Post#2 » by dagger » Thu Mar 29, 2018 1:49 pm
Listen, let's be blunt. This is the way of the world. The people posting tickets on Stubhub or others, are mainly fans. They are consumers to begin with. There are 45,000-plus seats at the Rogers Centre, 20,000 at the Air Canada Centre. Season seats are expensive. I am a Raptors season seatholder. If the Raptors played the maximum number of playoff games - 16 - my upper bowl seats would cost over $8,500 dollars. I can't afford that. So maybe I will go to 3-4 games myself, and post the rest. I will have no trouble making small profits on what I resell, the market is enormous. I already offered playoff games to my biggest regular season buyers, told them the cost to me is up a lot this season, thought they would be scared off, but no one blinked. One guy even told me the prices were reasonable.
Most of my selling is at cost price to a handful of regulars that are almost like partners (though I haven't met most of them in person; I have visited one of their Facebook pages, and judging by their names, they are a microcosm of the New Toronto - a lot of successful young professionals and artists from multi-cultural backgrounds.) No one is getting screwed. No one is forced to buy. If someone puts playoff tickets up for sale, they are transparent on the various web sites. Buyers can cruise the arena seat map on Ticketmaster and find seats available at a range of prices. If someone asks too much for a pair, they will go unsold, or the seller will lower his or her price.
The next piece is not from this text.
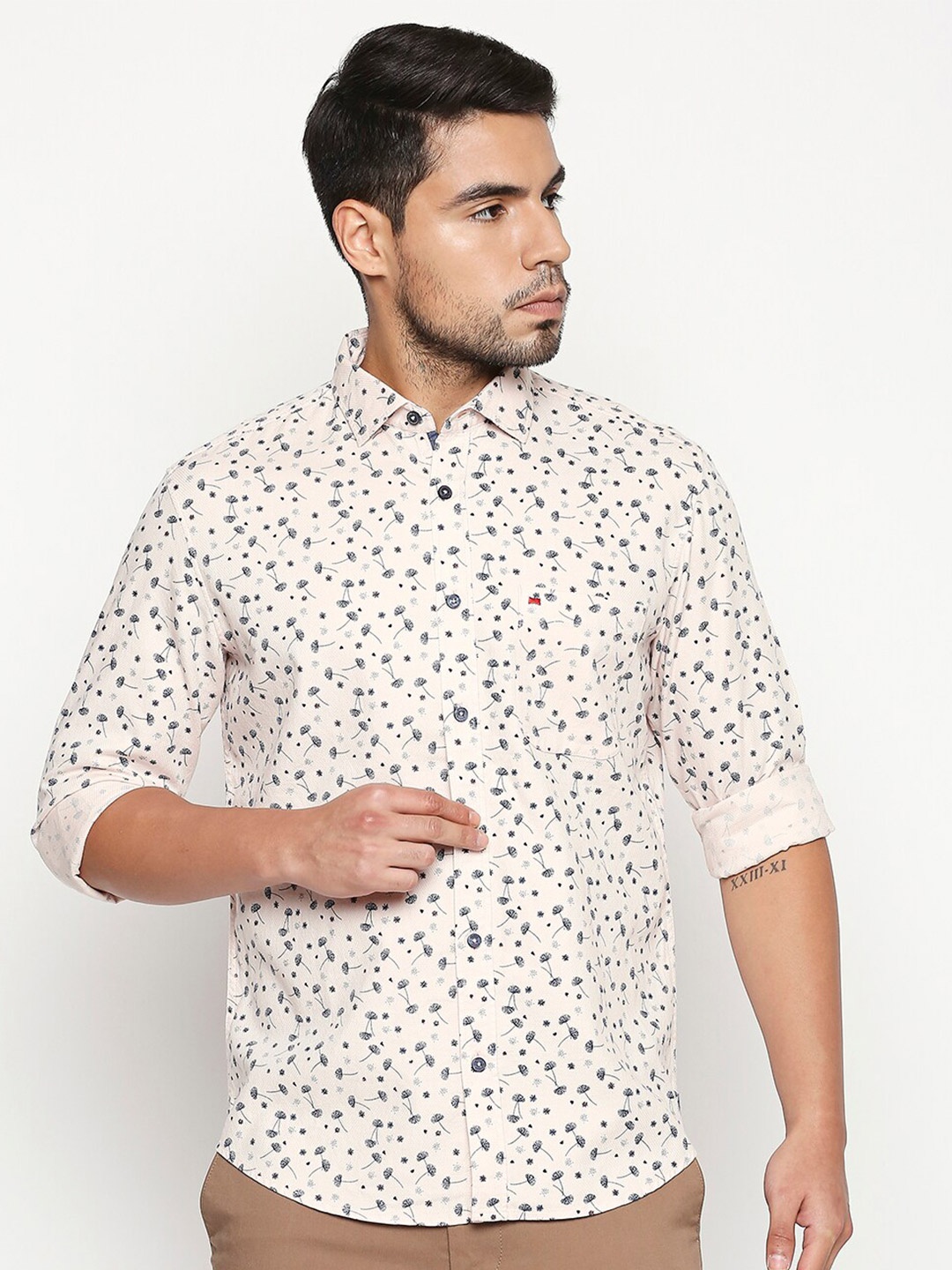 

Basics Men Cream-Coloured Slim Fit Floral Printed Casual Shirt & Plus Size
The secondary market exists because the games are expensive to begin with and becoming more and more expensive. But it also exists because of strong demand. I don't consider any of this "unethical".
The issue for me is what the teams do with their big profits. The Jays should soon be a major market payroll team, rather than a mid-market. The Raptors should be a tax paying team when it warrants keeping a good group together, as I believe it will through the current contract cycle. MLSE has it good with the Leafs and a hard cap, but I expect them to put every legal dollar possible into keeping up the talent level, whether it's signing overseas free agents to re-stock the development stream, or maintaining the best coaching and front office staff on the planet.
The rest is self-adjusting. If the teams suck, the secondary market disappears. If the teams win, the fans are happy, inside or outside the arena or stadium.
I'd rather have a secondary market and a parade than cheap seats and a team run by Good Ash or Rob Babcock.